Motown, or the Motown sound, is a style of  rhythm and blues music  named after the record company Motown in Detroit, where teams of songwriters and musicians produced material for girl groups, boy bands, and solo singers during the 1960s and early 1970s. The music of Motown helped a small record company become the largest black American-owned enterprise in the country and a national music industry competitor in the United States.

Overview
The sound, a sophisticated strain of R&B and pop, is known for its polished songwriting with "candid" vocal delivery. Musicians involved in the production of a Motown track constituted a mix of eclectic musical backgrounds, such as jazz and rhythm and blues. It had a crossover appeal and it was called "clean R&B that sounded as white as it did black." Productions featured a strong rhythm, layered instrumental sound, prominent percussion, an emphasis on melodious warmth, and memorable, often cheerful hooks, utilizing large bands, strings, powerful brass, pianos and organs. Motown producers adhered to the "KISS principle" (keep it simple, stupid).

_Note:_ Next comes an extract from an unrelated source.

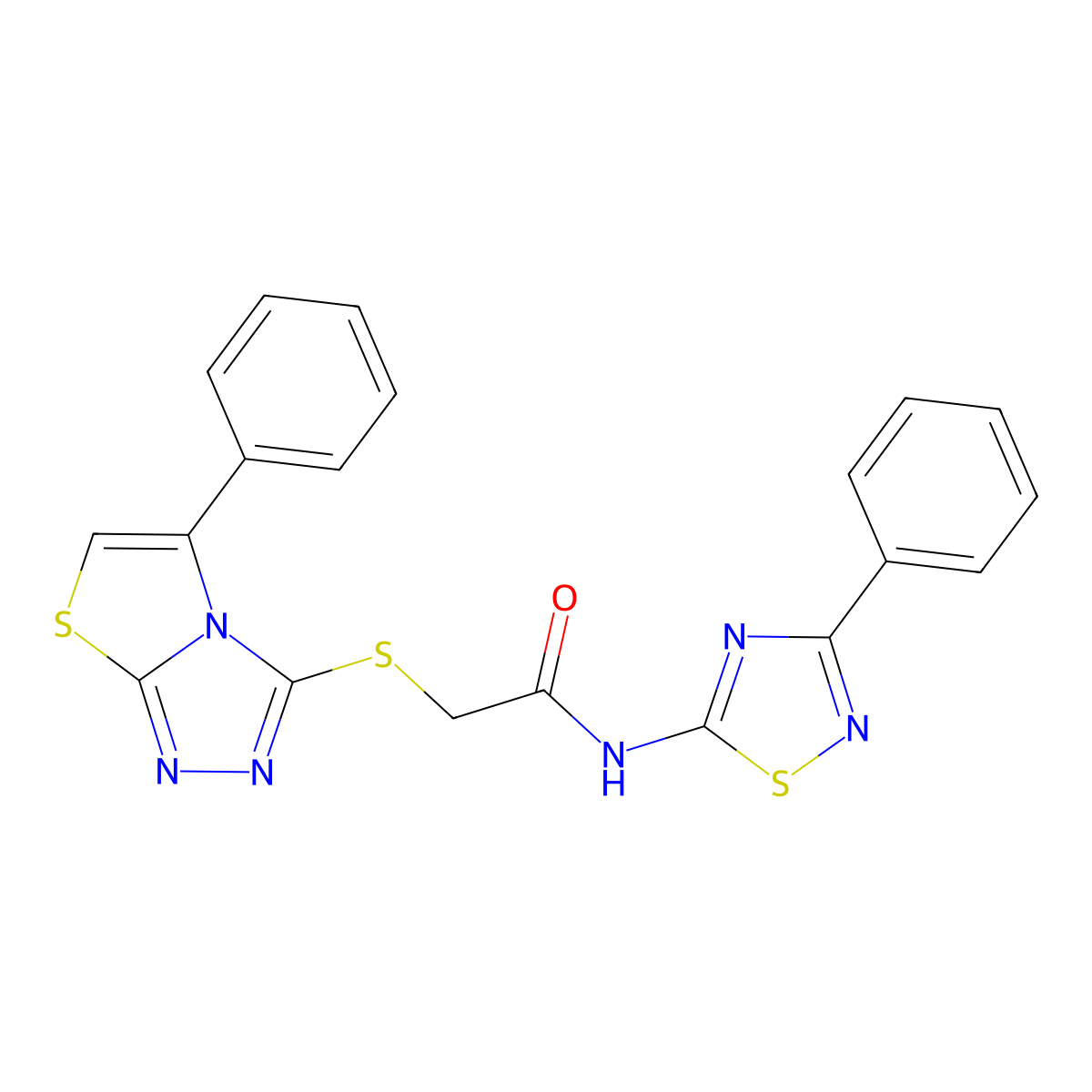 N-(3-phenyl-1,2,4-thiadiazol-5-yl)-2-({5-phenyl-[1,2,4]triazolo[3,4-b][1,3]thiazol-3-yl}sulfanyl)acetamide molecular structure, CAS 671199-59-0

Principal architects of the style were the songwriting trio Holland–Dozier–Holland and record producer Berry Gordy. Their series of hits produced for solo singers as well as groups dominated the American and British charts in the late 1960s and exerted an influence on music in the United Kingdom. Some of the components of the music, such as the "gospel break" and four-on-the-top beat (inverted), survived in disco later in the 1970s.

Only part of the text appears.